「かさの女王さま」(シリン・イム・ブリッジズ/文 ユテウン/絵 松井るり子/訳 2008)
タイの山あいに、何百年ものあいだカサをつくり続けてきた村がありました。その村のカサは、どのカサも、村の女のひとの描いた花とチョウでかざられていました。毎年、お正月には、村いちばんの絵つけをした「カサの女王」が選ばれ、そのひとを先頭に、雄大なカサ行列がおこなわれました。
さて、小さなヌットはお母さんにお願いして、カサに絵つけをしてみます。出来映えは上々で、「すこし練習すれば、ヌットはいい絵つけ師になれるぞ」と、お父さんがぎゅっと抱きしめてくれます。次の日、ヌットは5本のカサに、自分の好きなゾウの絵を描くのですが、「花とチョウの絵を描くんだよ」と、お父さんに注意されます。村では花とチョウの絵しか売りません。絵つけは遊びではなく仕事なのです──。

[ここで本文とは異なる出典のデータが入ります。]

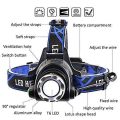 Led hoofdlamp 1200 Lumen oplaadbaar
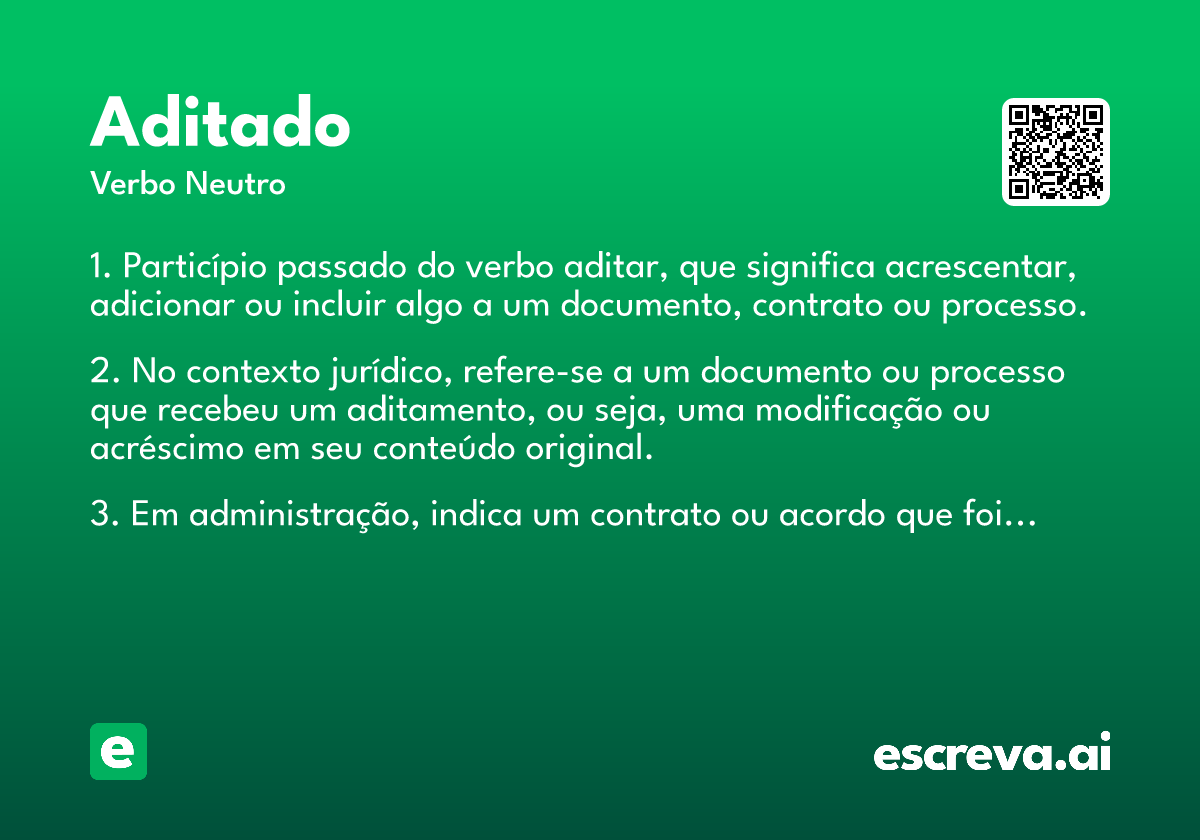 aditado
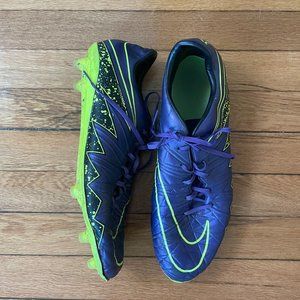 Nike Men's Hypervenom Phinish FG Soccer Cleats SZ 6 Hyper Grape 749901-550 BOOT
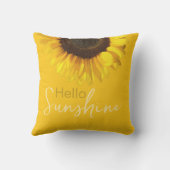 ヘローサンシャインサンフラワー アウトドアクッション (裏面)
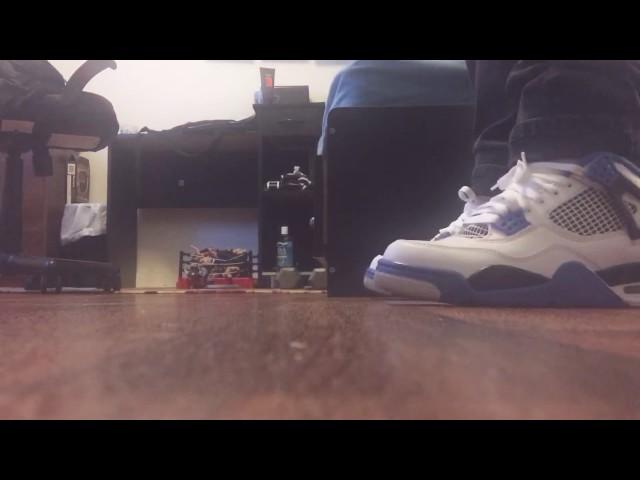 BEST AIR JORDAN ON FEET ( MOTORSPORT 4s )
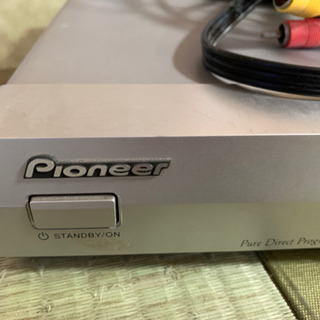 パイオニア　DVDプレーヤー　DV-464の画像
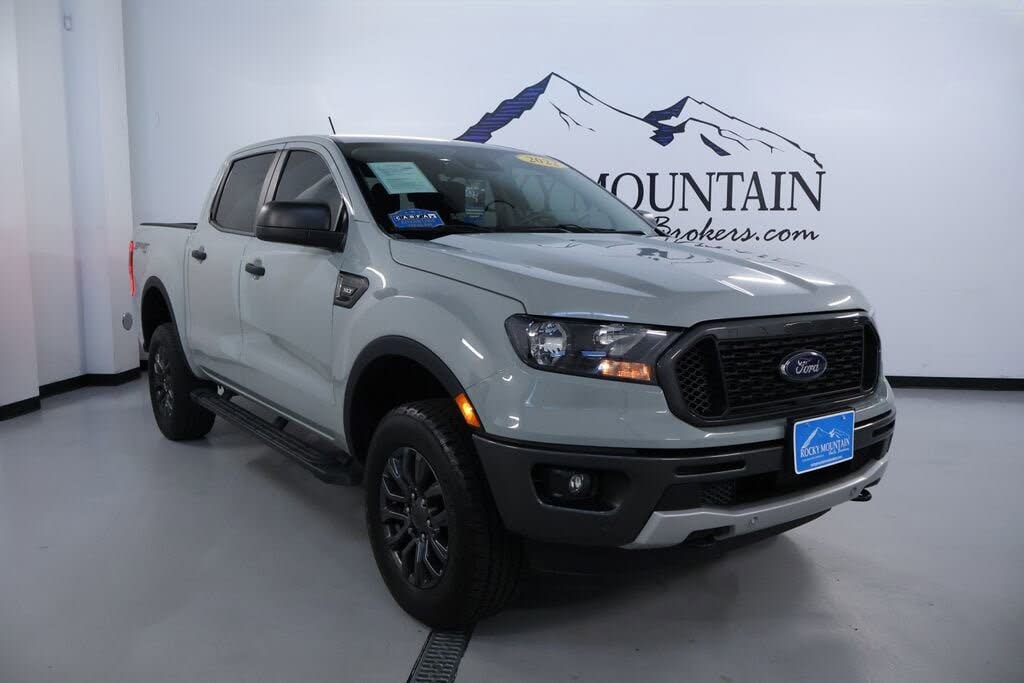 2022 Ford Ranger XLT SuperCrew 4WD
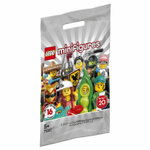 LEGO Minifigures: Серия 20 71027 — Series 20 Minifigure - Random Bag — Лего Минифигурки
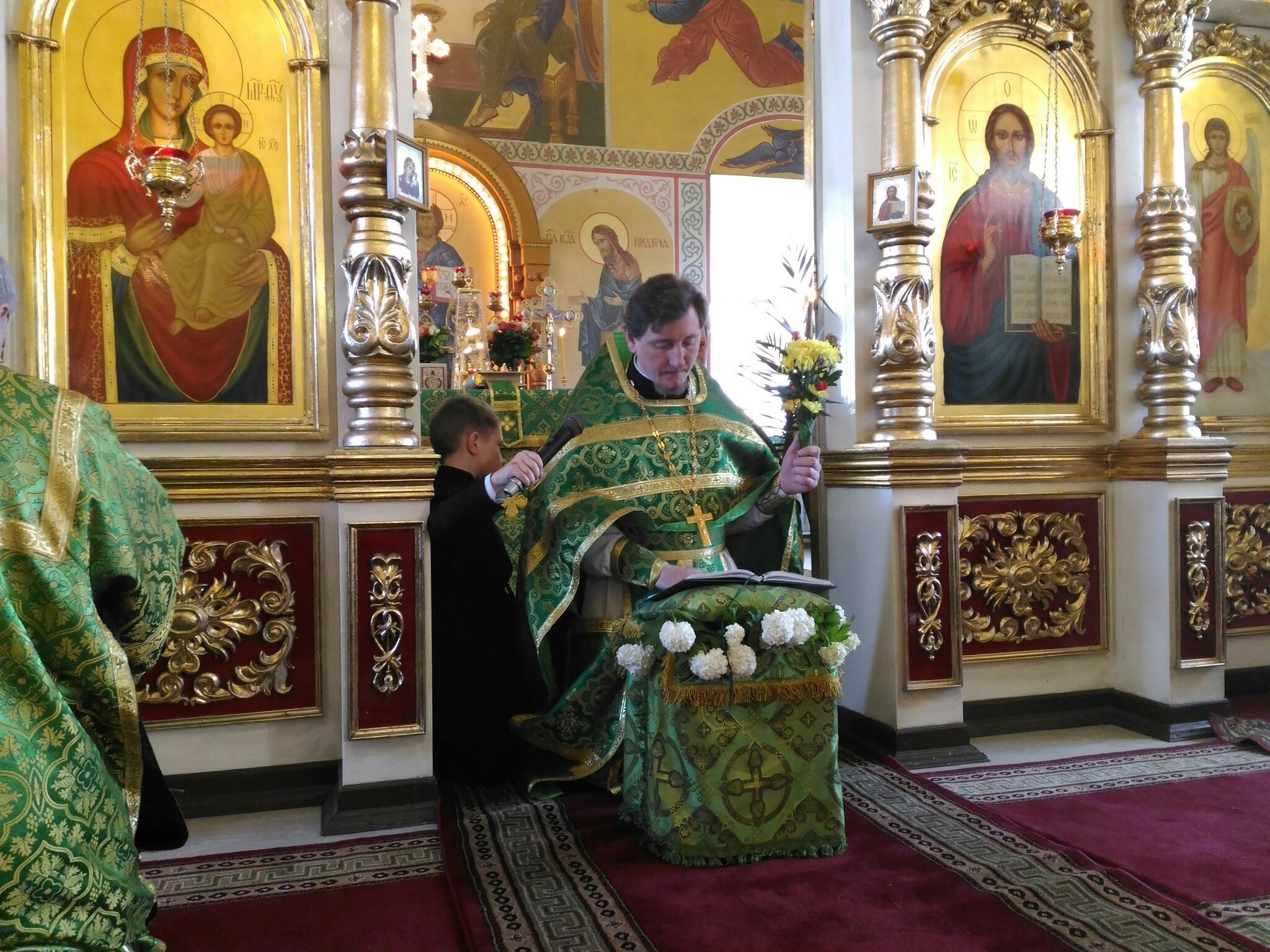 Празднование Пятидесятницы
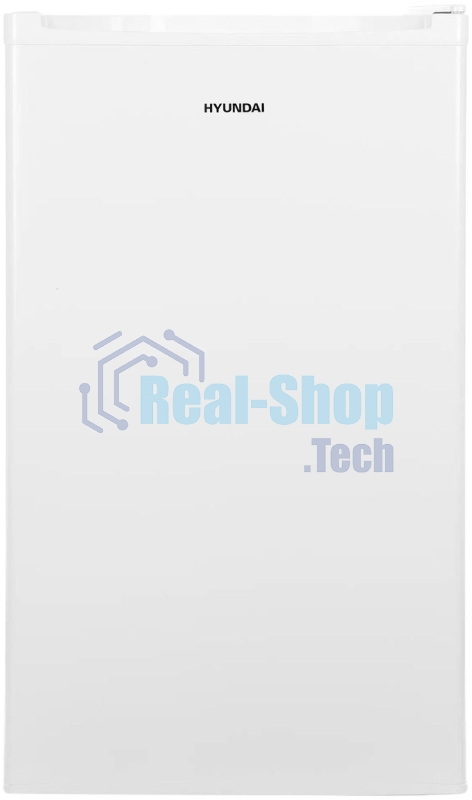 Холодильник Hyundai CO10041H белый однокамерный 76/9 л морозилка сверху, ручное размораживание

タイの、カサをつくり続けている村に住む、ヌットという女の子のお話です。絵は、おだやかな色づかいが美しい、版画調のもの。このあとヌットは、昼間はせっせと花とチョウの絵を描くのですが、夕方には余った竹と紙で小さなカサをつくり、そこにゾウの絵を描いて窓辺にかざるようになります。お正月が近づくと、冬の宮殿にやってきた王さまが、カサの女王を選ぶため、村におこしになることになります。そしてお正月、村人たちが最高のカサを広げた通りを、王さまはゆっくりとごらんになっていき…。おそらく、表紙にはこのあとのことが描かれていると思われます。小学校低学年向き。